C-) Konunun Değerlendirilmesi:
Kanun yararına bozma istemi ve ihbar yazısında sanığın isminin “Birtan” yerine “Birkan” olarak yazılmasının maddi hata olduğu kabul edilerek yapılan incelemede:
Sanık ...’ın 07/09/2013 tarihinde işlediği kullanmak için uyuşturucu madde bulundurma suçundan yapılan yargılama sonucunda Ankara 33. Asliye Ceza Mahkemesinin 17/09/2014 tarihli ve 2014/619 esas, 2014/143 sayılı kararı ile 5560 sayılı Kanun ile değişik 5237 sayılı Türk Ceza Kanunu’nun 191/2. maddesi uyarınca tedavi ve denetimli serbestlik tedbirine tabi tutulmasına karar verilmiştir.
28/06/2014 tarihli ve 29044 sayılı Resmi Gazete'de yayımlanarak yürürlüğe giren 6545 sayılı Türk Ceza Kanunu ile Bazı Kanunlarda Değişiklik Yapılmasına Dair Kanun’un 68.maddesi ile 5237 sayılı Türk Ceza Kanunu’nun 191. maddesi yeniden düzenlenmiş olup, aynı Kanun’un 85. maddesi ile 5320 sayılı Ceza Muhakemesi Kanununun Yürürlük ve Uygulama Şekli Hakkında Kanun'a geçici 7.madde eklenmiştir.
5320 sayılı Kanun’a eklenen geçici 7. maddede yer alan;
“(1) Bu Kanunun yürürlüğe girdiği tarih itibarıyla Türk Ceza Kanununun 191 inci maddesinde tanımlanan suç nedeniyle yürütülen kovuşturmalarda, hakkında hâlen denetimli serbestlik veya tedavi kararı uygulananlar bakımından Türk Ceza Kanununun 191 inci maddesi hükümleri çerçevesinde bu tedbirlerin uygulanmasına devam olunur.
(2) Bu Kanunun yürürlüğe girdiği tarih itibarıyla Türk Ceza Kanununun 191 inci maddesinde tanımlanan suç nedeniyle yürütülen kovuşturmalarda, hakkında daha önce denetimli serbestlik veya tedavi tedbiri uygulanmayan kişilerle ilgili olarak 191 inci madde hükümleri çerçevesinde hükmün açıklanmasının geri bırakılması kararı verilir.

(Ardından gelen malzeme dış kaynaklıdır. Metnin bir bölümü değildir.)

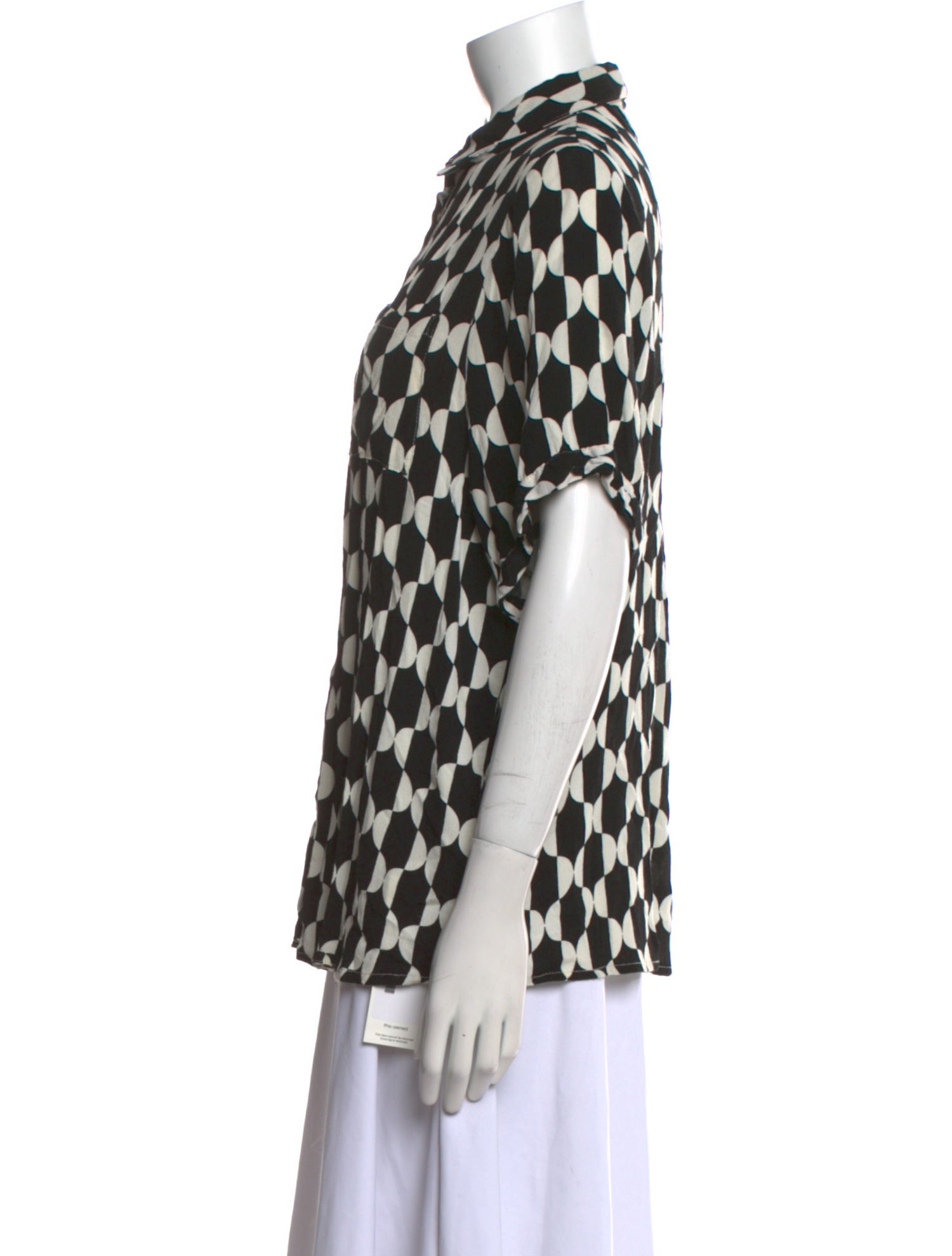 Dissh Printed Short Sleeve Button-Up Top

(3) Bu Kanunun yürürlüğe girdiği tarih itibarıyla Türk Ceza Kanununun 191 inci maddesinde tanımlanan suç nedeniyle yürütülen kovuşturmalarda, hakkında daha önce denetimli serbestlik veya tedavi kararı verilmiş olup da bu yükümlülükleri ihlal eden kişilerin yargılanmasına devam olunur.” amir hükmü ve 5237 sayılı Türk Ceza Kanunu'nun 191/9. fıkrasında yer alan "Bu maddede aksine düzenleme bulunmayan hâllerde, Ceza Muhakemesi Kanununun kamu davasının açılmasının ertelenmesine ilişkin 171 inci maddesi veya hükmün açıklanmasının geri bırakılmasına ilişkin 231 inci maddesi hükümleri uygulanır" şeklindeki düzenlemeler ve 5320 sayılı Kanun’un geçici 7. maddesinin bir tasfiye düzenlemesi olduğu birlikte dikkate alındığında;
Somut olayda, hakkında daha önce bu suç nedeniyle tedavi ve/veya denetimli serbestlik tedbiri uygulanmayan sanık hakkında 5320 sayılı Kanun’un geçici 7/2. maddesi uyarınca hükmün açıklanmasının geri bırakılmasına karar verilmesinin zorunlu olduğu gözetilmeden 6545 sayılı Kanun ile değiştirilmeden önceki 5560 sayılı Kanun ile değişik 5237 sayılı Türk Ceza Kanunu’nun 191/2. maddesi gereğince sanığın tedavi ve denetimli serbestlik tedbirine tabi tutulmasına karar verilmesi kanuna aykırı olup kanun yararına bozma istemi yerinde görülmüştür.
D-) Karar:
Açıklanan nedenlerle, hakkında daha önce bu suç nedeniyle tedavi ve/veya denetimli serbestlik tedbiri uygulanmayan sanık hakkında 5320 sayılı Kanun’un geçici 7/2. maddesi uyarınca hükmün açıklanmasının geri bırakılmasına karar verilmesinin zorunlu olduğu gözetilmeden 6545 sayılı Kanun ile değiştirilmeden önceki 5560 sayılı Kanun ile değişik 5237 sayılı Türk Ceza Kanunu’nun 191/2. maddesi gereğince sanığın tedavi ve denetimli serbestlik tedbirine tabi tutulmasına karar verilmesi kanuna aykırı olup kanun yararına bozma istemi yerinde görüldüğünden; Ankara 33. Asliye Ceza Mahkemesinin 17/09/2014 tarihli ve 2014/619 esas, 2014/143 sayılı kararının 5271 sayılı CMK'nın 309. maddesinin 3. fıkrası gereğince kanun yararına BOZULMASINA, aynı Kanun'un 309. maddesinin 4. fıkrasının (a) bendi uyarınca gerekli işlemin yapılması için dosyanın Adalet Bakanlığına iletilmek üzere Yargıtay Cumhuriyet Başsavcılığına gönderilmesine,
19/01/2022 tarihinde oy birliği ile karar verildi.